A quick post-trip update: we both loved our Osprey bags! Mohit wished he had the smaller 22" version, which I found to be more than enough space for months of travel. Mohit used the extra room in his bag to stash the Lonely Planet giudes that we discarded along the way after leaving each country. The Osprey bags are very well made, super durable, and there's extra space to stash shoes in the compartment where the backpack straps are stored.
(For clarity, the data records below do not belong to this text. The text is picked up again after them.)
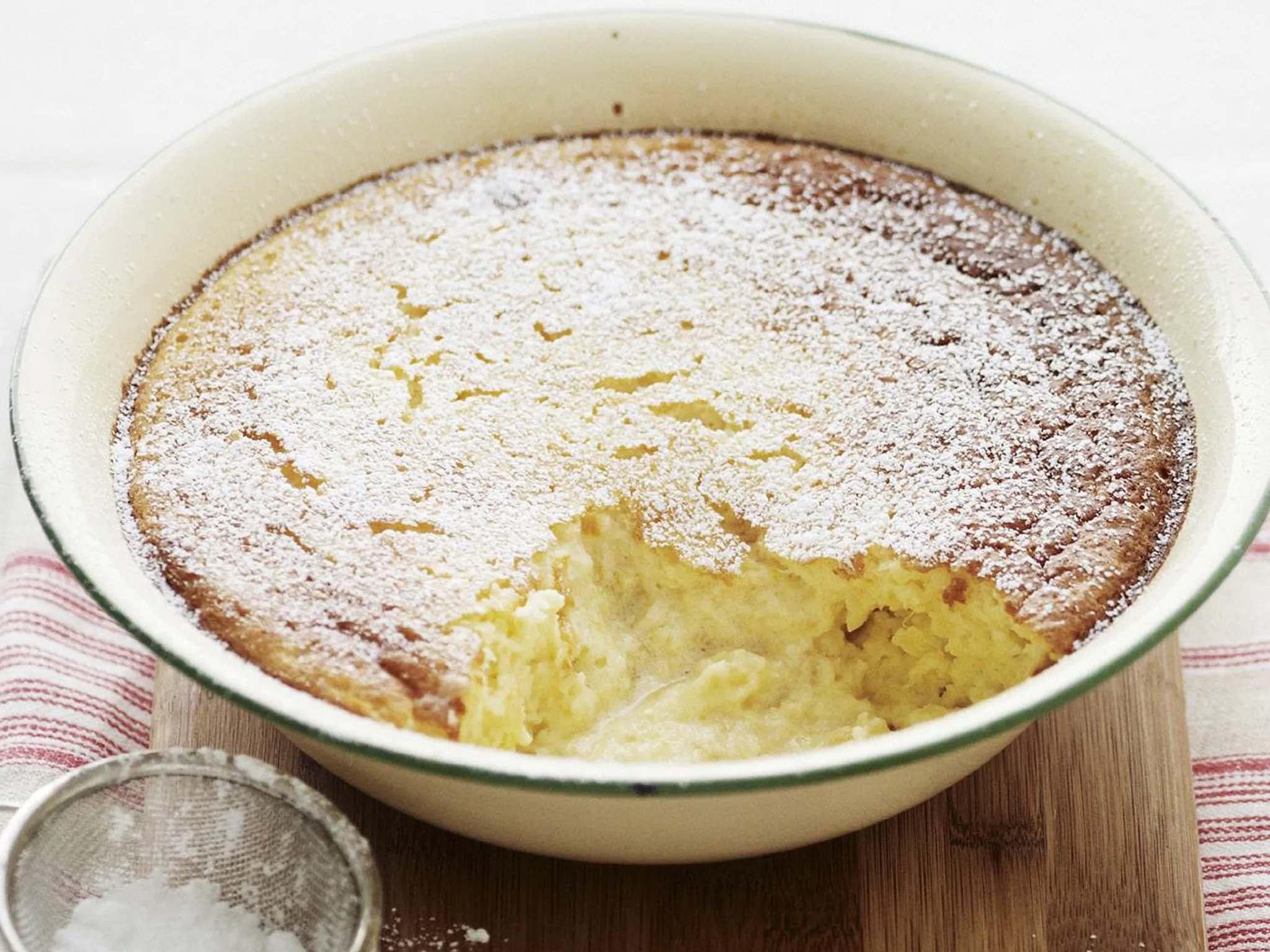 pineapple self-saucing pudding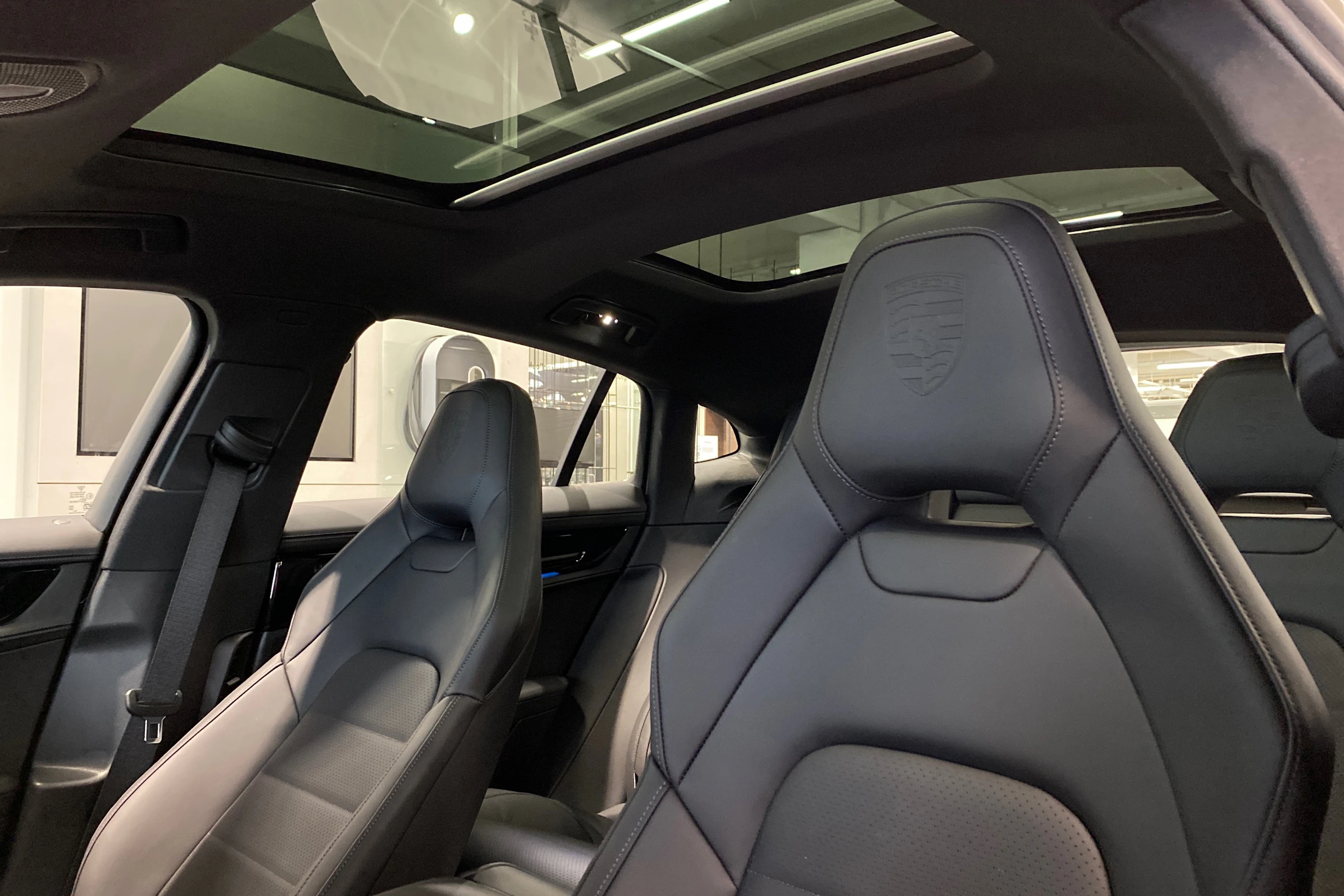 vihreä Porsche Panamera 2026 kuva 11.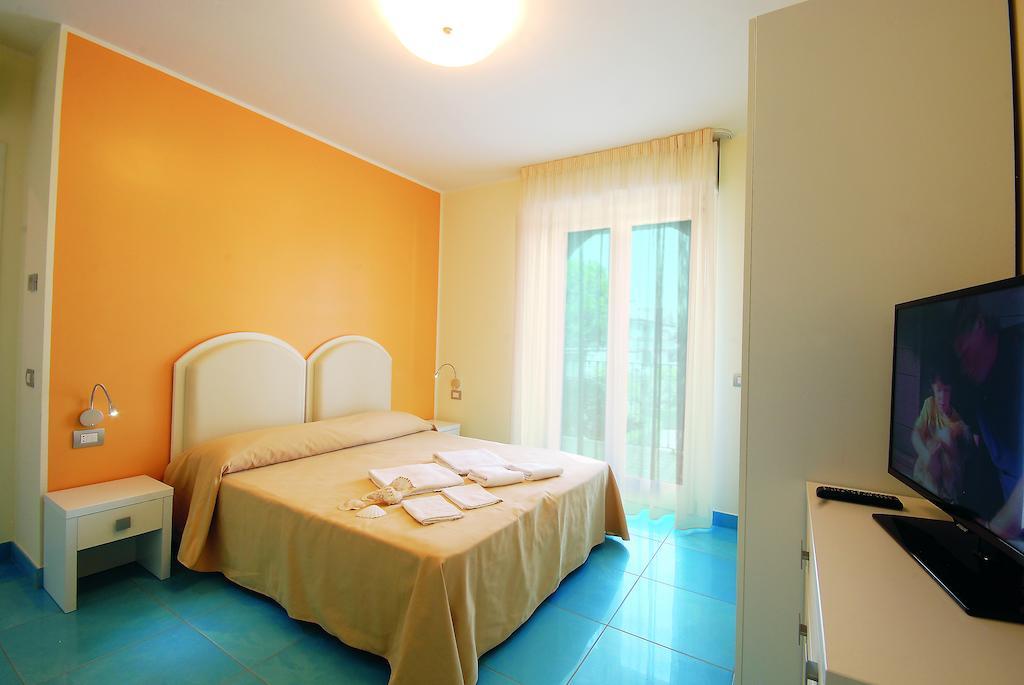 Residence Abruzzo Resort Tortoreto Habitación foto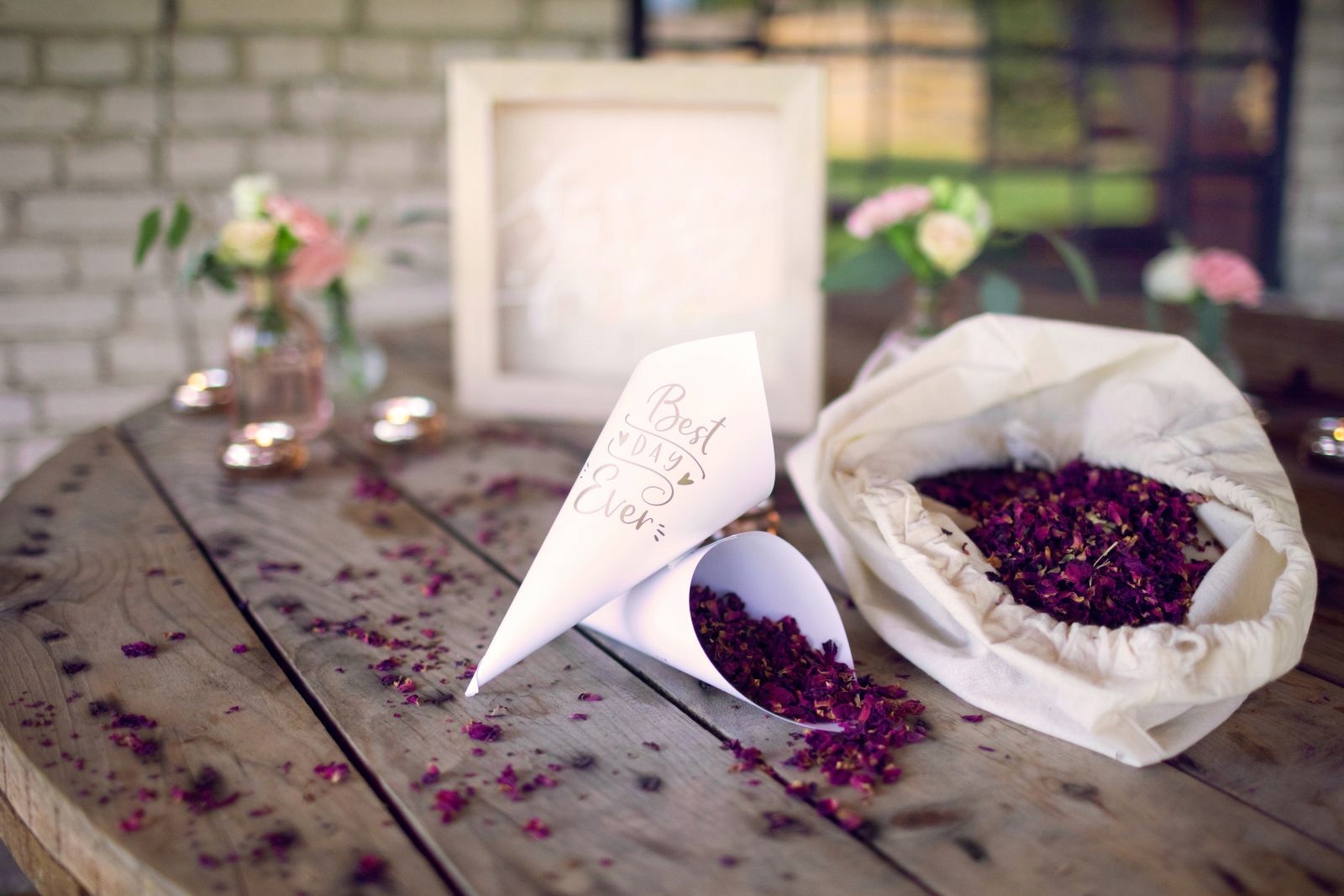 PAPIEROWE BIAŁE ROŻKI NA KONFETTI PŁATKI RÓŻ 10SZT Kod producenta 5900718609418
Day Bag: eBags Piazza Day Bag vs. Baggallini City Bag
Reading Material: Nook eReader
On our month-long trip through Vietnam last year, I packed 6 books. I finished them all halfway through the trip, and found myself without anything to read as we prepared to spend our last 4 days at a beach resort on Phu Quoc island. On our last day in Saigon before heading to the beach, I desperately searched for a bookstore selling English-language books, but all I could find were expensive photocopies of fluffy books- the genre you'd pick up at the magazine stand at the airport.
This time around, I didn't want to be stranded without reading material, since I devour books on vacation (during plane flights, bus rides, at breakfast, on the beach, before bed, etc.). In November I treated myself to an early Christmas present and ordered a Nook from BarnesandNoble.com. It's a good thing I ordered early, since I found out AFTER placing my order the the Nook was super back-ordered and would be delivered only days before we left the U.S. in late December! I also considered Amazon.com's Kindle and the Sony eReader, but opted for the Nook mostly because it allows users to share eBooks.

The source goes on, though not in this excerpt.